Volumes declined 6% in the quarter versus 6% growth reported in the year-ago level. Organically, sales decreased 6% in the quarter against 10% growth in second-quarter 2018. That said, smaller acquisitions contributed 16% to sales in the quarter. Raw material-related selling price increased 2%, which was partially offset by a negative currency impact of 2%.
The company’s overall gross margin expanded 120 basis points (bps) to 22.2% in the quarter. Adjusted EBIT margin also advanced 20 bps to 11.2%, primarily due to lower raw material costs (including LIFO benefit). Also, the ECS acquisition added to the positives. However, these increases were partially offset by lower volume in several businesses and other smaller items. Adjusted EBITDA margin increased a notable 130 bps year over year to 15.3% in the quarter.

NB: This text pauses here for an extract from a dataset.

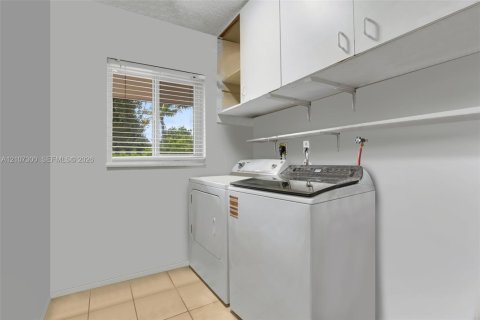 Immobilier commercial à vendre à Fort Lauderdale, Floride: 169.83 m2 № 2430039 - photo 25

Net sales in Residential Products (excluding inter-segment sales) increased 38.3% from the year-ago quarter to $606.7 million. Organically, sales decreased 1% (versus 7% growth registered in the year-ago quarter). Volume was down 2% as market share and content gains in U.S. Spring were offset by declines in other businesses. That said, raw material-related selling price increases, net of currency impact, added 1% to sales. Including inter-segment sales, total sales in the segment rose 37.6% from a year ago to $610.3 million.
The Industrial Products segment's sales declined 16.6% from the prior-year level to $80.4 million. Organically, sales decreased 9% against 23% growth a year ago. Total sales, including inter-segment revenues, were up 8.5% from the year-ago period to $156 million, mainly driven by 8% raw material price increases. However, this increase was partially offset by a 17% decline in steel rod and wire volume.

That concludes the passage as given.